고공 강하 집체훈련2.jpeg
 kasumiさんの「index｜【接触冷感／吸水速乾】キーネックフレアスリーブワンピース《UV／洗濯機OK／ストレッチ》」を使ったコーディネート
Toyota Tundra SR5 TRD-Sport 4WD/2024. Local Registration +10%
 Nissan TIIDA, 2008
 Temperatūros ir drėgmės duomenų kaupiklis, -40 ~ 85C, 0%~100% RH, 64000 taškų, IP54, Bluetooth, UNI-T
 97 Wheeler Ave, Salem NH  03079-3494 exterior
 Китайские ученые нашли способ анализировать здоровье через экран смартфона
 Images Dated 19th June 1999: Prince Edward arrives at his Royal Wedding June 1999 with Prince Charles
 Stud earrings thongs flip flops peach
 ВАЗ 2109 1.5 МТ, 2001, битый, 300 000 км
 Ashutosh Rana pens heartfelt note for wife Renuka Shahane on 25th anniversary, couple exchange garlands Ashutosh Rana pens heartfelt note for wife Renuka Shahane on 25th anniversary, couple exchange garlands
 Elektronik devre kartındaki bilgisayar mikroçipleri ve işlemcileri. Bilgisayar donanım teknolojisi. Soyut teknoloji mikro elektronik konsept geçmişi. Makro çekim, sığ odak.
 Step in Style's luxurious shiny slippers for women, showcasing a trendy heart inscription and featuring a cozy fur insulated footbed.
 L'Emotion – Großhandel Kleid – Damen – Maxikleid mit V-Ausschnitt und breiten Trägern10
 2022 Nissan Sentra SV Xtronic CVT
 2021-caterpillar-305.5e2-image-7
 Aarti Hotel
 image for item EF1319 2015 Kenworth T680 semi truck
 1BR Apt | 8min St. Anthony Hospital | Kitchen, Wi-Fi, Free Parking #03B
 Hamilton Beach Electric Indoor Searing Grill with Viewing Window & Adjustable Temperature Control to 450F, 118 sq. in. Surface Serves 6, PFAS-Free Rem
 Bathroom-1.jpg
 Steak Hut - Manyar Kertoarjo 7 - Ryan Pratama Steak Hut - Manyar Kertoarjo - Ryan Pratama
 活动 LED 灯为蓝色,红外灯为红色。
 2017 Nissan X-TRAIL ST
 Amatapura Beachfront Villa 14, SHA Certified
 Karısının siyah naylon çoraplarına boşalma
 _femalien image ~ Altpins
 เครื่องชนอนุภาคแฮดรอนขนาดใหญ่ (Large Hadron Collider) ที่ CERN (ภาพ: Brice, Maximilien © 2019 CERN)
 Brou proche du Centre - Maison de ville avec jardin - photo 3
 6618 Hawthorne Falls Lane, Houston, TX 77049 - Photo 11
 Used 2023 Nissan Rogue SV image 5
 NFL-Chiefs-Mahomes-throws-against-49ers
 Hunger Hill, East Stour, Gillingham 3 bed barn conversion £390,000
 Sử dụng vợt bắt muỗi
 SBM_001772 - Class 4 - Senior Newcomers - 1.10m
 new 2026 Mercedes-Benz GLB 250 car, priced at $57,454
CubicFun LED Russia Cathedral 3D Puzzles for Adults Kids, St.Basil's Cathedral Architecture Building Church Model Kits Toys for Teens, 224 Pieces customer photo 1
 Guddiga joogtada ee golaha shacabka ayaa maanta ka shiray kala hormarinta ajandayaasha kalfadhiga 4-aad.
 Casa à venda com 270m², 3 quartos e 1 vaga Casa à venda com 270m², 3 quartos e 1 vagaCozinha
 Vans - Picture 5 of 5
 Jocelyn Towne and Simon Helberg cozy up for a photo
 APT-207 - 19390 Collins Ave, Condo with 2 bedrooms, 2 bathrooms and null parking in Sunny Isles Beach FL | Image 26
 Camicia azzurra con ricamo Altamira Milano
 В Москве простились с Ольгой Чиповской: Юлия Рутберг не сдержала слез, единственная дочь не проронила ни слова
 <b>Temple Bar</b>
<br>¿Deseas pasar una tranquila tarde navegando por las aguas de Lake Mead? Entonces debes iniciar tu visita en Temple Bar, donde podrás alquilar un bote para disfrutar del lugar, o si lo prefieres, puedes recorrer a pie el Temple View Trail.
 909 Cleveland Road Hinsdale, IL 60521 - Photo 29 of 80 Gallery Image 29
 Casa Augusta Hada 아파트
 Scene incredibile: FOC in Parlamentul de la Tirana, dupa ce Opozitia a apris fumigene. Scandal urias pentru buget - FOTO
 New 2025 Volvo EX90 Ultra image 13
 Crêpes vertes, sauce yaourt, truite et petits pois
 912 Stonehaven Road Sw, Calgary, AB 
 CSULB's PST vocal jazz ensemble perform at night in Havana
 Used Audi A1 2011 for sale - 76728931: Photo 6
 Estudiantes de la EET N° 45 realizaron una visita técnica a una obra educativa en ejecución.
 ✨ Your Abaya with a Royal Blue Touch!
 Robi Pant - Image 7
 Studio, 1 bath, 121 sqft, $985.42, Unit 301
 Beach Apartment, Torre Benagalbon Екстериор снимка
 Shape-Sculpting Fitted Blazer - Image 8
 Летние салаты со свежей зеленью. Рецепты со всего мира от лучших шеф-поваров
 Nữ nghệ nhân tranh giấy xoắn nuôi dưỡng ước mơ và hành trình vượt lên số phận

++++++++++

Exercise details: What you return must be an exact retyping of the lines above starting at the line with "L'Emotion – Großhandel Kleid" and ending at the line with "1BR Apt | 8min", and nothing besides.

Written response:
 L'Emotion – Großhandel Kleid – Damen – Maxikleid mit V-Ausschnitt und breiten Trägern10
 2022 Nissan Sentra SV Xtronic CVT
 2021-caterpillar-305.5e2-image-7
 Aarti Hotel
 image for item EF1319 2015 Kenworth T680 semi truck
 1BR Apt | 8min St. Anthony Hospital | Kitchen, Wi-Fi, Free Parking #03B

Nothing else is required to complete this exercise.